Just because the Honda Civic is the best-selling compact in the U.S.—above the Toyota Corolla and others—doesn’t mean Honda has always had a Midas touch with the model. Plenty of Civic variants have come and gone over the nameplate’s four decades in production. So after you check out the state of new Civics—you can check out our first drive of the freshly updated and new-for-2019 Honda Civic review here—scroll on see how many of these long-gone Civic variants you can recall.
Honda didn’t just offer a Civic wagon during the 1980s, it offered an all-wheel-drive wagon. Today, that role is filled by the HR-V, but years ago, the wagon was sold alongside a sedan and hatch. And if this sounds intriguing, know that an entire community of enthusiasts shares that feeling. The Instagram feed of @officialcivicwagon alone features a healthy dose of slammed models as well as more rugged—but still adorable—off-road-ready versions.
The Civic of the Sun
Although it wasn’t quite a convertible, the boldly styled Civic Del Sol arrived in the ’90s for those who wanted a less stodgy compact car than the sedan body style most opted for.

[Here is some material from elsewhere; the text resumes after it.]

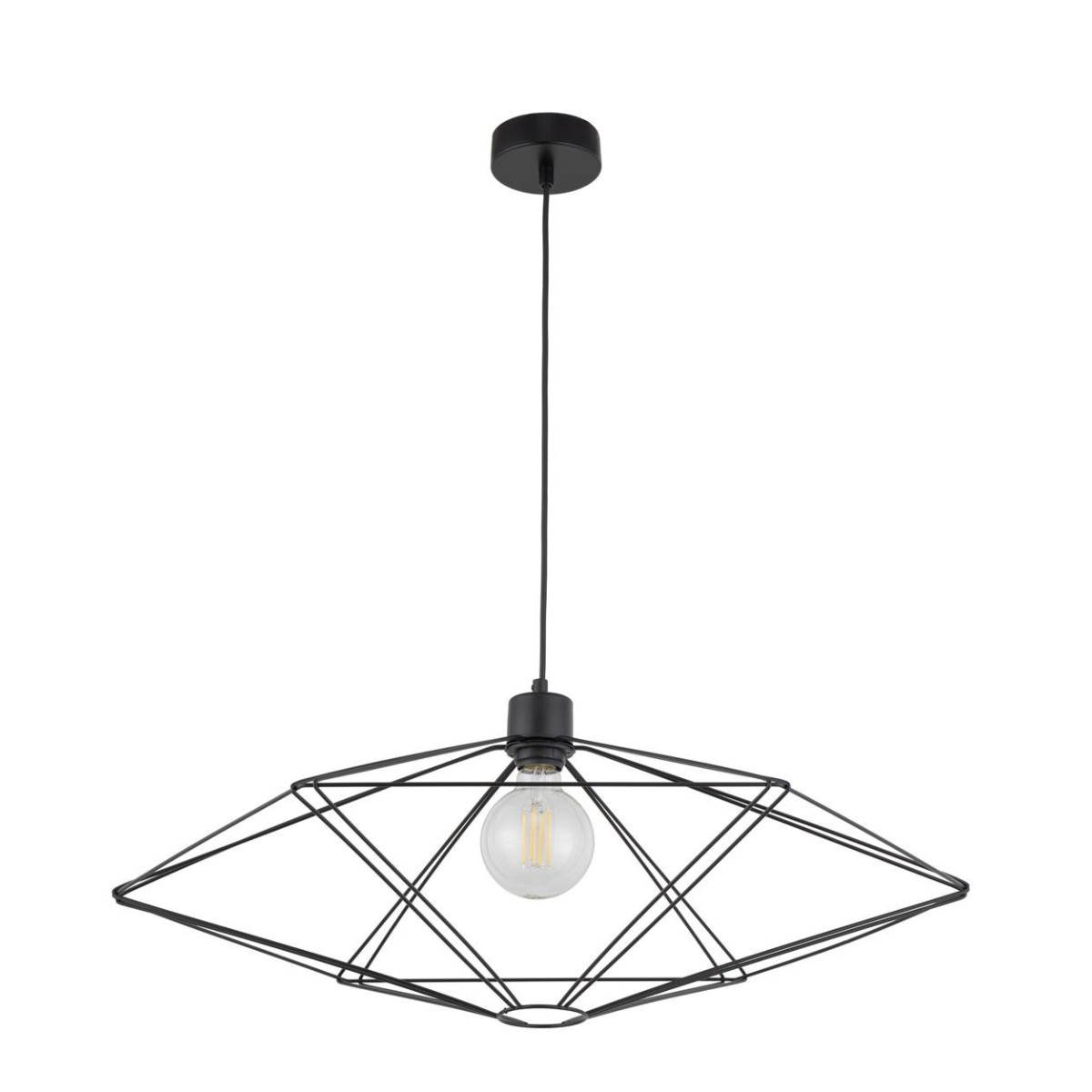 Sigma VARIO SIG40555 lampa wisząca kolor czarny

The Del Sol, which was called the Civic Del Sol in the U.S. before Honda dropped “Civic” from its name, had a removable top, an Si version, and more interesting styling than you might expect from a small car.
The Mugen Si
Imagine, a Civic with a $30,000-plus price tag! Well, the sublime Civic Type R—a 2018 Automobile All-Star—isn’t the first high-performance and high-dollar model from Honda. For the 2008 model year, Honda offered the 1,000-unit Mugen Si in the U.S. Power remained at 197 horsepower from a 2.0-liter naturally aspirated inline-four mated to a six-speed manual, but compared to a stock Civic Si, the car was lowered 0.6 inch, rolled on forged 18-inch wheels with stickier tires, used an upgraded exhaust system, and, like today’s Civic Type R, it wore an obnoxious rear wing. Put it all together, and you get impressive results.
The Natural-Gas Ones
More than once, Honda has also offered a natural-gas-version Civic. Reading a 10-year-old press release on the Civic GX, it’s striking how many parallels there are to today’s affordable electric cars. Honda touts the Civic GX’s average driving range of more than 220 miles and mentions a $4,000 federal tax credit. At one time, natural-gas Civics were also eligible for single-occupancy carpool-lane access in California, but buyers in all 50 states would have to stomach a much higher price than for normal compact sedans. Honda first offered a natural-gas Civic in 1998.
True, the 2019 Honda Civic is available as a coupe, sedan, and four-door hatchback, but the Civic badge used to be affixed to small two-door hatchbacks, too. Across multiple generations and in normal and Si forms, the two-door Civic hatch first arrived in the 1970s and remained in the lineup until the eighth-generation Civic dropped the body style.